According to Graham Greenleaf, there are now over 140 countries with data protection or privacy statutes.   We now have privacy management programs, privacy impact assessments, privacy enhancing technologies, privacy officers and their associations and so on.   There is a lot of activity.  There is a lot of policy.   Privacy has become big business.  And yet, we undoubtedly also have more surveillance.    We have far more policy, law, engagement and education, but we also have an unprecedented level of monitoring of our citizens that at any time in history.

Why?

Some would say that, of course, it would be a lot worse but for the important work of this community.   And there is much truth to that.   You and the laws you administer do constrain, and they do check the obvious appetite of some businesses and governments for more and more data.

But the root of the problem is that mass surveillance is not the side-effect of personal data processing, it is the essential reason.   Contemporary data protection and privacy principles need to now address the reality that dominant data-driven enterprises have shifted away from a service-oriented business model towards one that relies on monetizing personal information through the surveillance and manipulation of individuals and groups, thus exacerbating the power asymmetries between these organizations and individuals.

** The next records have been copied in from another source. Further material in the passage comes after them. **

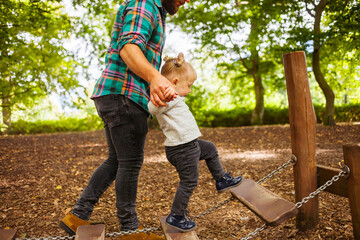 Father with daughter (2-3) in playground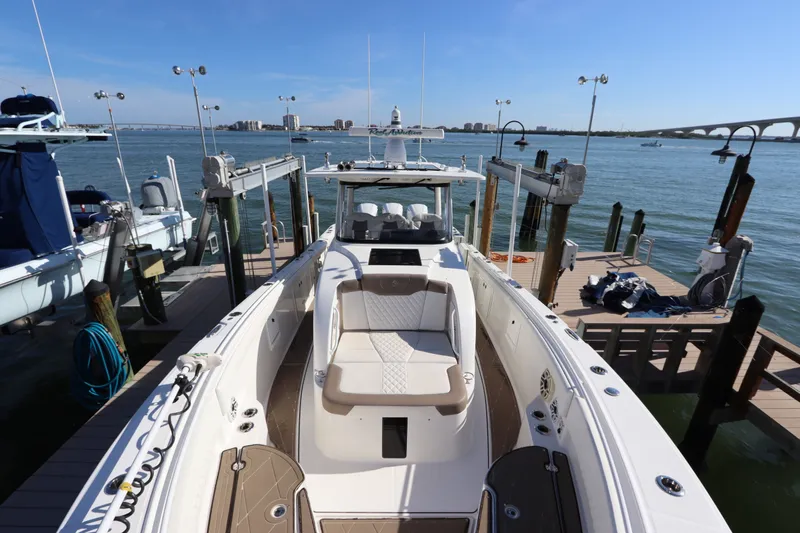 Slide: The Image of 2021 Edgewater 370CC boat docked at marina with scenic waterfront view. - 48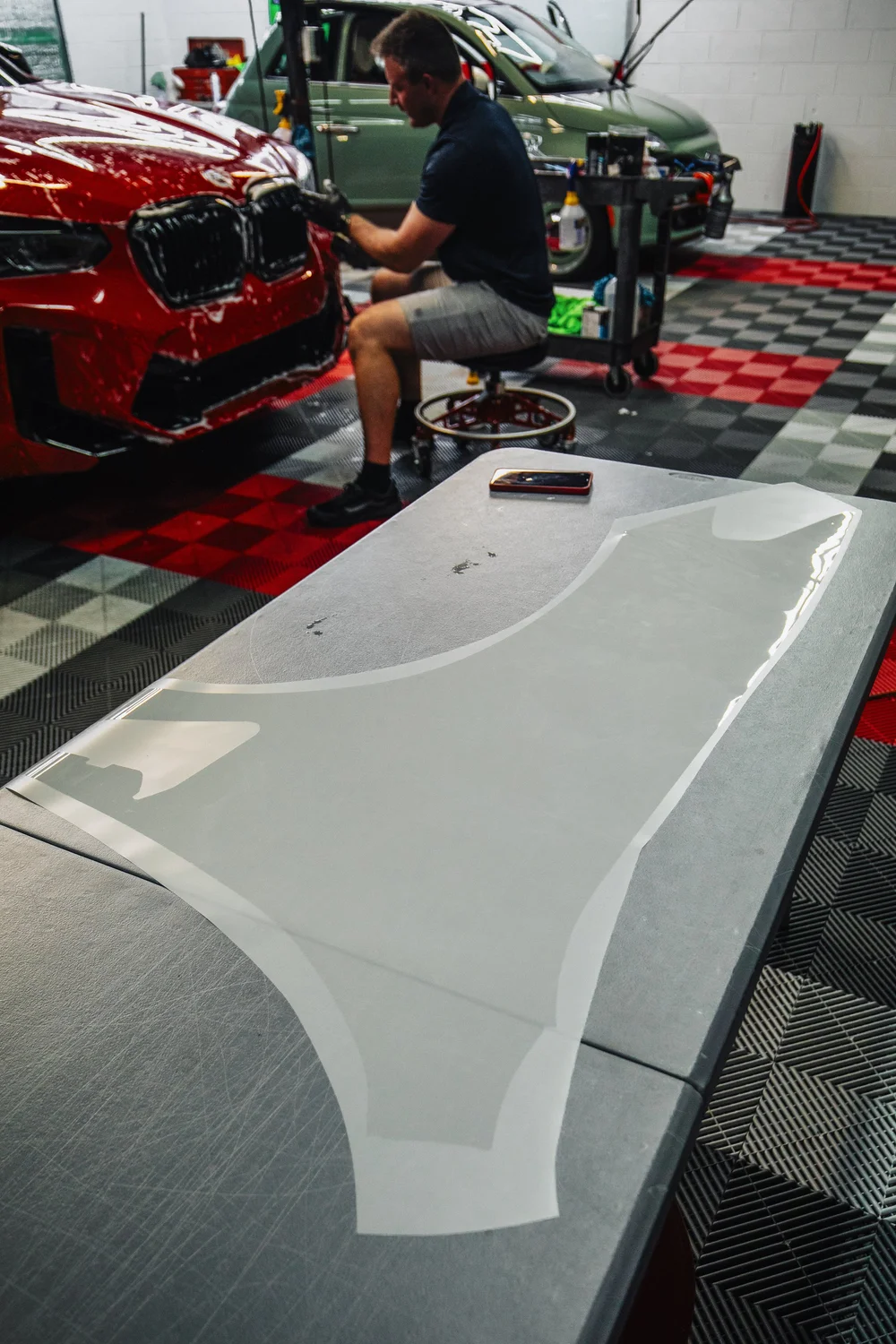 OCD installer applying paint protection film in the Fort Walton Beach shop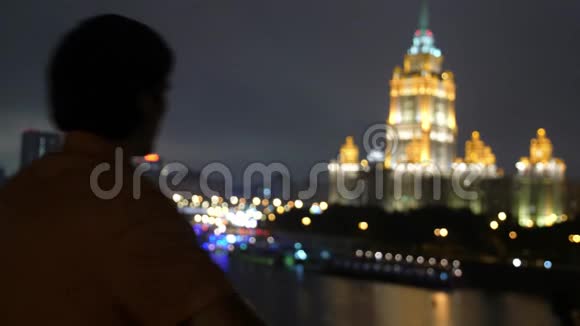 成功的年轻人站在阳台的城市天际线上莫斯科夜晚用美丽的波克看着城市的景色视频的预览图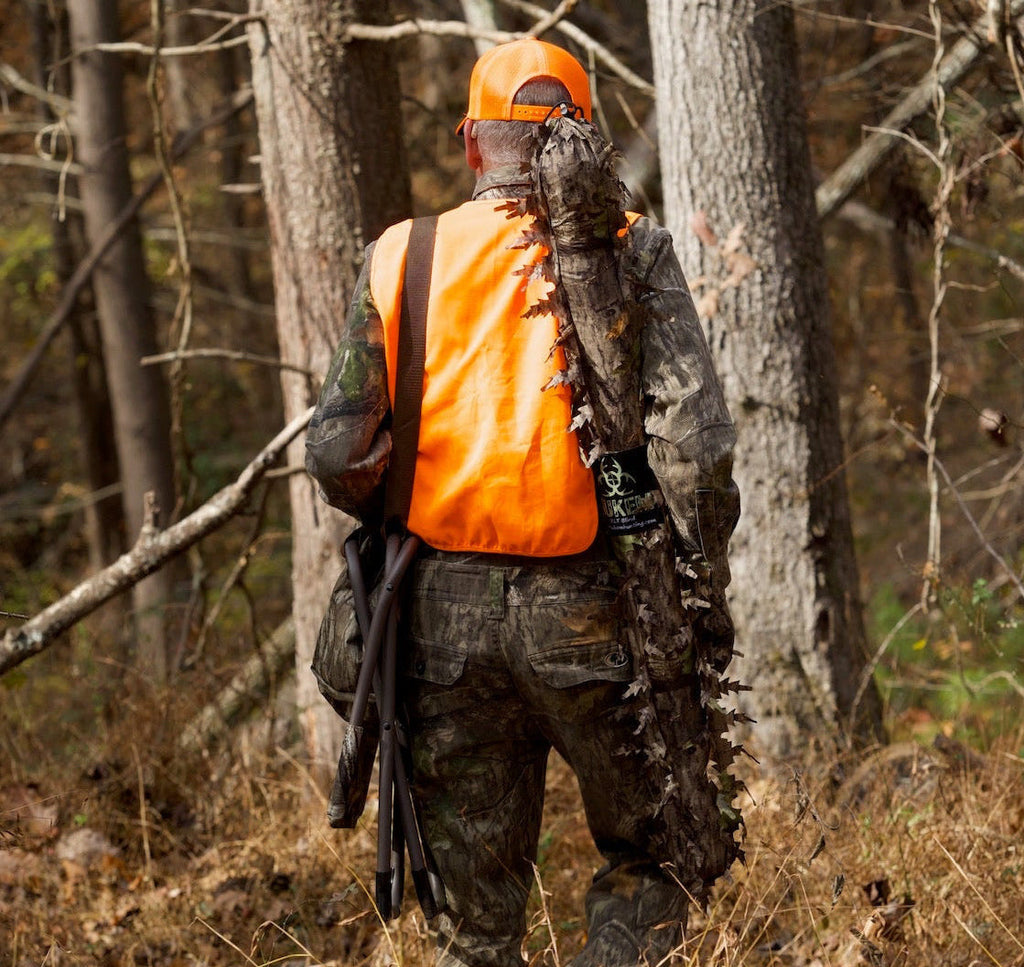 Hunter in camo gear with orange safety vest and leafy ghillie suit walking through woods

As stated by Privacy International:

“Mass surveillance enables significant power imbalances and hinders people’s autonomy and dignity. It creates an environment of suspicion and threat, which can cause people who are not engaged in any wrongdoing to change their behaviour, including the way they act, speak and communicate…..in doing so, it inhibits the legitimate exercise of our rights. It endangers society’s ability to experiment and evolve.”

Thus, with all respect to our Turkish hosts, this is not a “matter of balance” as the central theme of this conference is defined, it is a question of power and control.   “Balance” is the problem.   For 40 years, governments and DPAs have been “balancing” privacy rights with the inexorable appetite of organizations for personal data.  And privacy has generally lost.   As soon as the question and the problem are framed as a question of “balance,” the game is up.   Surveillance will continue largely unregulated, and individuals will continue to be appeased with soothing and melifluous guarantees that “your privacy is important to us”   — a phrase that is so appealing precisely because “privacy” is so nebulous and malleable.

Think back to 1987.   If the participants at that meeting had been told that companies were going to monitor not only what people were buying (which of course they were doing) but what they were thinking of buying, or even predicted to be thinking of buying, or feeling like buying, there would have been outrage.   Just suppose that companies were actively following people around shopping malls and recording not only what they purchased, but what they were looking at in the shop windows, it would widely have been regarded as unequivocally wrong – as a “no go zone” in contemporary parlance.  And  nobody would have contended that there was a need to “balance” the legitimate needs of the organization with those of the individual.

And yet that is exaclty what is happening on the internet today, largely in secrecy and involving a complex and obscure network of actors and technologies that no one regulator, let alone academic, can completely understand.  And yet we still talk about the need to balance the needs of the organizations and platforms within the complex internet advertising “ecosystem” with the privacy rights of individuals.

Tragically, mass surveillance on the web is premised on the assumption that most regulators lack the resources and the ability really to do much about it – just ask the Office of the Privacy Commissioner of Canada and its struggles with Facebook.

It is  premised on the assumption that “consent” is not a constraint on corporate behavior — but a license.

And it is based on the fiction that “your privacy is important to us.”

Thus, what are the key privacy risks?  I have come to the conclusion that that is  not the main question any more.   The question is about power and about democratic control – but  perhaps it always has been.

And I think my late friend and colleague, David Flaherty would have agreed.